La palabra ceniza recurrentemente aparece en la poesía. Algunas veces es reducida a lo inerte, a lo muerto, que es diminuto o sin importancia, como los amores pasajeros. Así lo escribió Dulce María Loynaz: Aunque brilles… No besa tu beso… ¡Quien te amó sólo amaba cenizas! Asimismo, la palabra es referida a aquello que nunca nos pertenece ni siquiera el vacío que aparentemente nos queda cuando somos desposeídos de todo: Nunca fui el dueño de mis cenizas, mis versos, apuntó Juan Gelman.

Las cenizas también se escriben como sinónimo de tristeza o soledad, de los paisajes fríos y solitarios en los que transitamos de vez en cuando. El sentimiento se encuentra en el fragmento escrito por Alejandra Pizarnik: Afuera hay sol. Yo me visto de cenizas. Hay quienes emplean la ceniza como el contraste de lo que se cree divino e infinito, para expresar el desasosiego de algo cotidiano: el cielo es de ceniza, dijo Federico García Lorca. Así, de este modo, la materia adquiere un sentido que alude a un sentimiento deletéreo del que es imprescindible desprenderse: Solo las cenizas se aferran al fuego. No sois ceniza, soltad todo aquello que os queme, fueron las palabras de José Gómez Iglesias.

Algo aparentemente diminuto es también significado como los restos de una sombra que nunca convalece, donde se encuentran contenidos los recuerdos de un pasado lejano que alguna vez existió y que, sin darnos cuenta, manifiesta una posibilidad de vida en nuestro presente, en la espera de que alguien se impulse a revivirlo. Pablo Neruda lo refirió de esta manera: busquemos las antiguas cenizas del corazón quemado y allí que caigan uno por uno nuestros besos, hasta que resucite la flor deshabitada. Cuando sólo quedan cenizas nada está perdido, a no ser que sea disuelto por el viento o por un soplo nuestro y voluntario, elevándose como pequeños fuegos a su propio ritmo, hasta menguarse por completo. De lo contrario, como Gustavo Adolfo Bécquer escribió, todo es propenso a volver: como el fénix que renace de sus cenizas.
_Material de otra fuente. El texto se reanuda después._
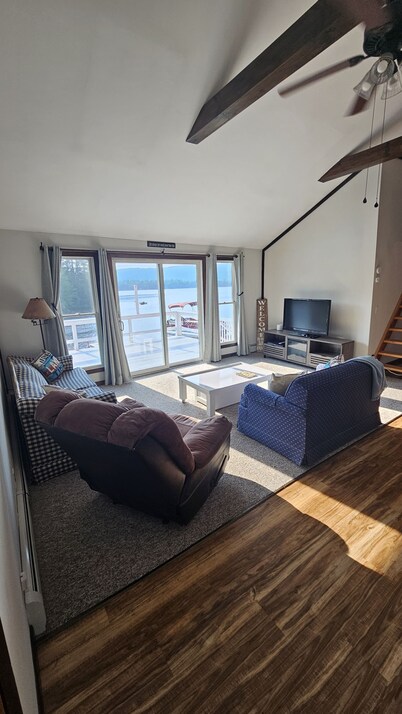 Cozy Lake Front home for Boating, fishing, winter sports, and gorgeous views,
Las cenizas remiten a lo interminable, a aquello que escapa de la lógica humana, como si tuviera una condición metafísica, capaz de trascender esta vida, otras, y las que vengan. Son la prueba fehaciente de que algo existe incluso cuando se le cree perdido o muerto, como una pequeña llama que jamás se extingue ni aun con la más fuerte de las lluvias. La gente así lo refiere cuando dice: donde hubo fuego, cenizas quedan. Y es que esto es una metáfora de los recuerdos más que del olvido. En ellas se encuentran retazos de lo que fuimos con unos y con (nos)otros: Acerca tu boca a mis cenizas. Sopla. De ti depende renacer de las llamas, escribió Alejandro Jodorowsky. Es el último intento por saber, si acaso, por alguna extraña razón, pertenecemos todavía a aquel corazón que un día nos dio el mejor de sus latidos, y si existe la forma de recobrar un segundo aire para reescribir la historia. Jorge Luis Borges lo describió de una manera lúcida: enséñame el arte de ver mi propia historia como si ésta ya fuera ceniza en la memoria.

Hay cenizas que son el resultado de hogueras que arden con tanta intensidad y que nunca se apagan ni aun con el lento andar del tiempo. Hay otras que se extinguen al primer soplo, sin gloria, dejando un montón de derrotas. Todos somos un tipo de ceniza: el de la memoria o del olvido.

 

Cinco

Todos los nombres saben a cenizas,

todos somos las cenizas de alguien,

todos, inevitablemente, somos cenizas.